■ **Directions**
Could you write out every record below exactly, leaving the pictures out?

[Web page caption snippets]
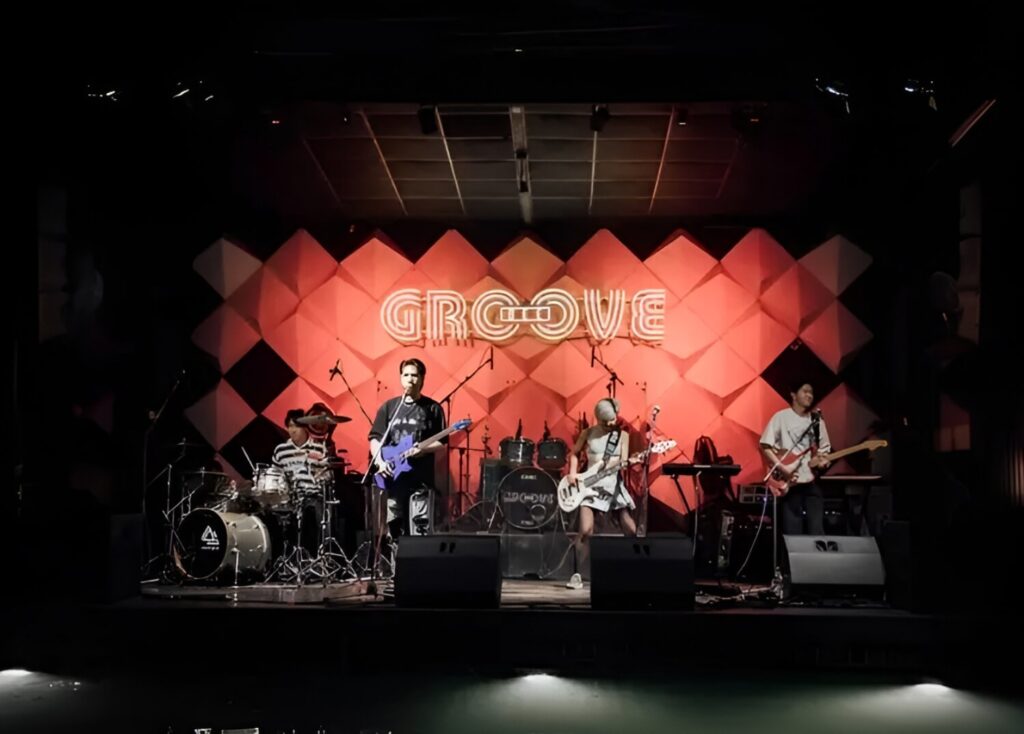 Rock band performing under red lighting at GROOVE stage with vibrant geometric backdrop.
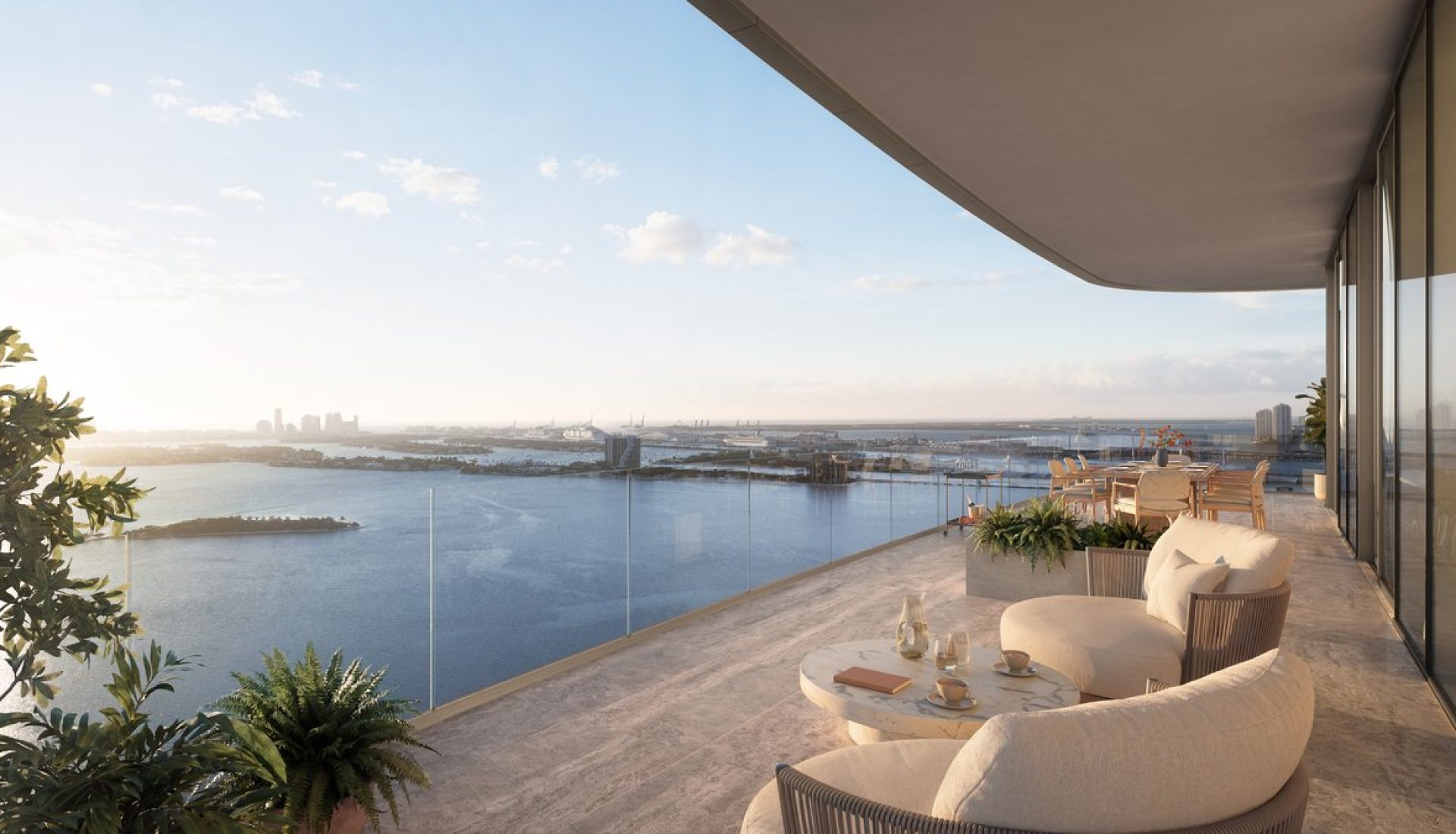 Rooftop terrace with curved cream couches and a marble coffee table, overlooking a blue bay and distant city skyline at sunset.
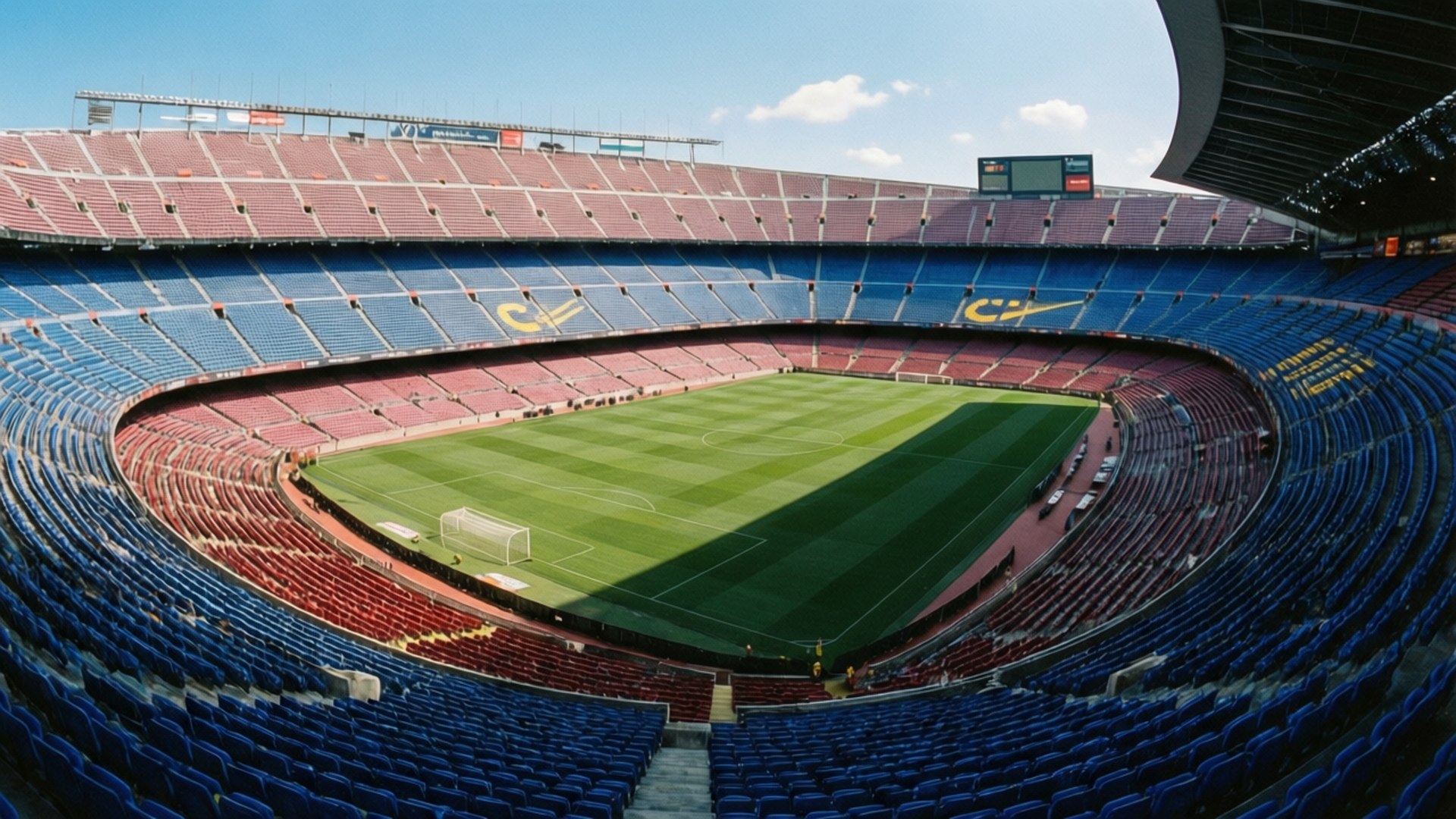 Camp Nou Aerial View 壁紙 — 晴朗天空下，一個巨大空蕩的足球場鳥瞰圖，充滿活力的綠色球場被藍色和紅色座位環繞。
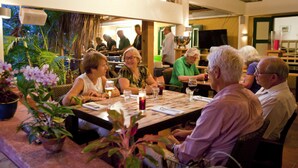 A group of people dining at an outdoor restaurant with a thatched roof and potted plants. - Landhuis Daniel Hotel (Daniel)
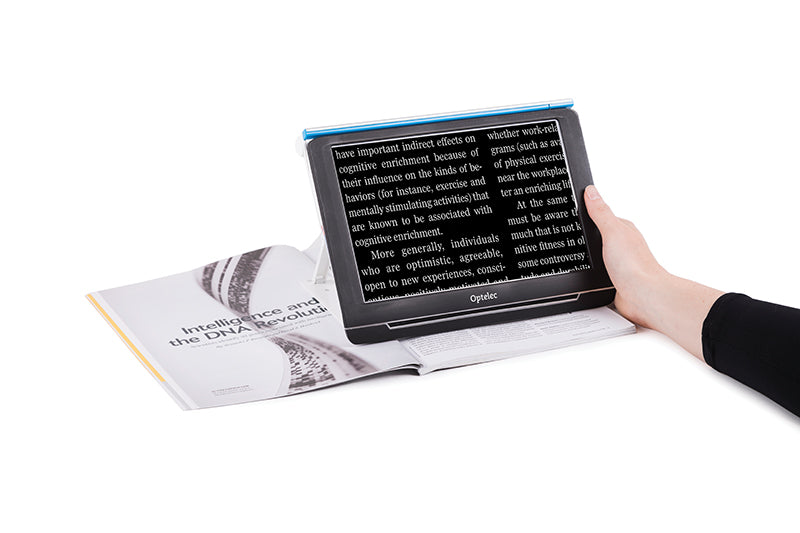 The Compact 10 has black trim around the edges and a blue line across the the top. It's being used to magnify text from a magazine.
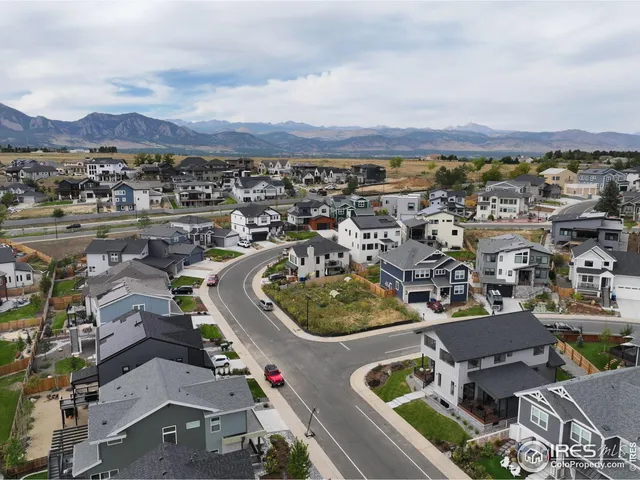 a view of a lake in middle of a city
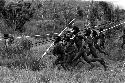 Warriors sprinting to the battle front with long spears in hand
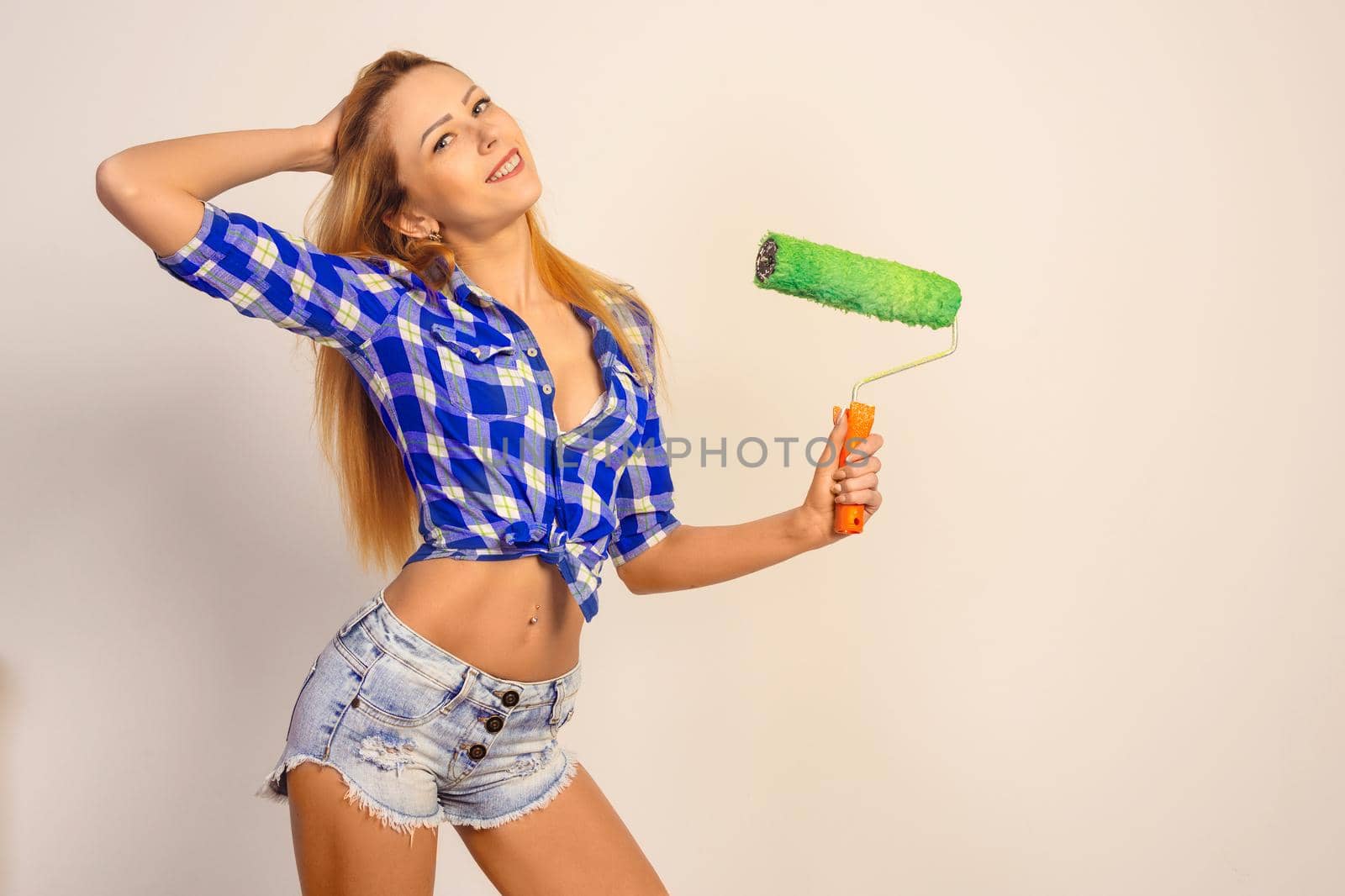 pretty young smile redhead lady with green paint roller isolated on background.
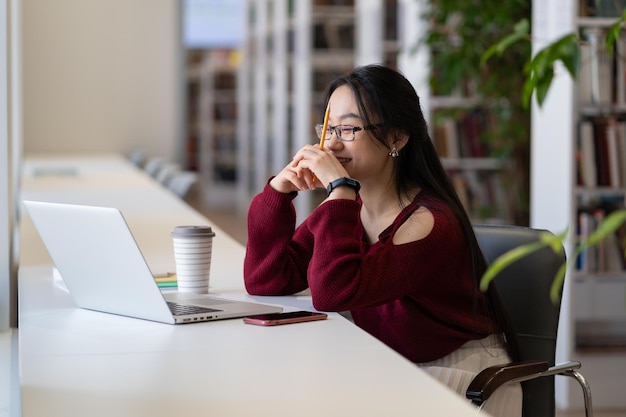 図書館​で​ノート​パソコン​の​勉強​を​見て​笑う​若い​アジア​の​女の子​は​、​オンラインウェビナー​や​講義​を​見て​楽しんでいます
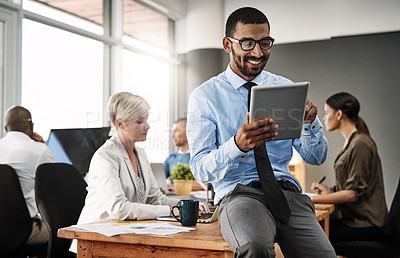 Buy stock photo Businessman, typing and happy on tablet in office for corporate research, company website and communication. Professional, coworkers and digital tech at work for email feedback and online information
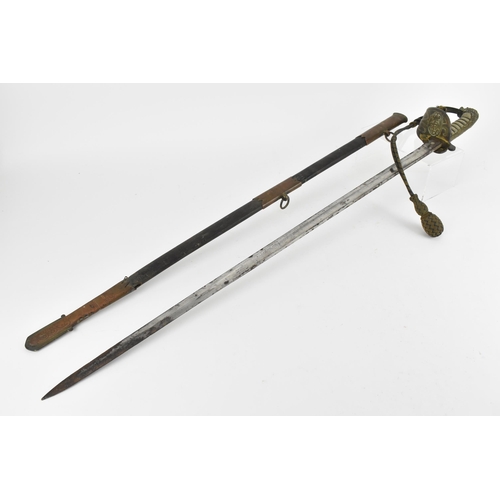 158 - An 1827 pattern Royal Navy Officers sword and scabbard having lion head pommel and folding guard, wi...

■ **Finished exercise**
 Rock band performing under red lighting at GROOVE stage with vibrant geometric backdrop.
 Rooftop terrace with curved cream couches and a marble coffee table, overlooking a blue bay and distant city skyline at sunset.
 Camp Nou Aerial View 壁紙 — 晴朗天空下，一個巨大空蕩的足球場鳥瞰圖，充滿活力的綠色球場被藍色和紅色座位環繞。
 A group of people dining at an outdoor restaurant with a thatched roof and potted plants. - Landhuis Daniel Hotel (Daniel)
 The Compact 10 has black trim around the edges and a blue line across the the top. It's being used to magnify text from a magazine.
 a view of a lake in middle of a city
 Warriors sprinting to the battle front with long spears in hand
 pretty young smile redhead lady with green paint roller isolated on background.
 図書館​で​ノート​パソコン​の​勉強​を​見て​笑う​若い​アジア​の​女の子​は​、​オンラインウェビナー​や​講義​を​見て​楽しんでいます
 Buy stock photo Businessman, typing and happy on tablet in office for corporate research, company website and communication. Professional, coworkers and digital tech at work for email feedback and online information
 158 - An 1827 pattern Royal Navy Officers sword and scabbard having lion head pommel and folding guard, wi...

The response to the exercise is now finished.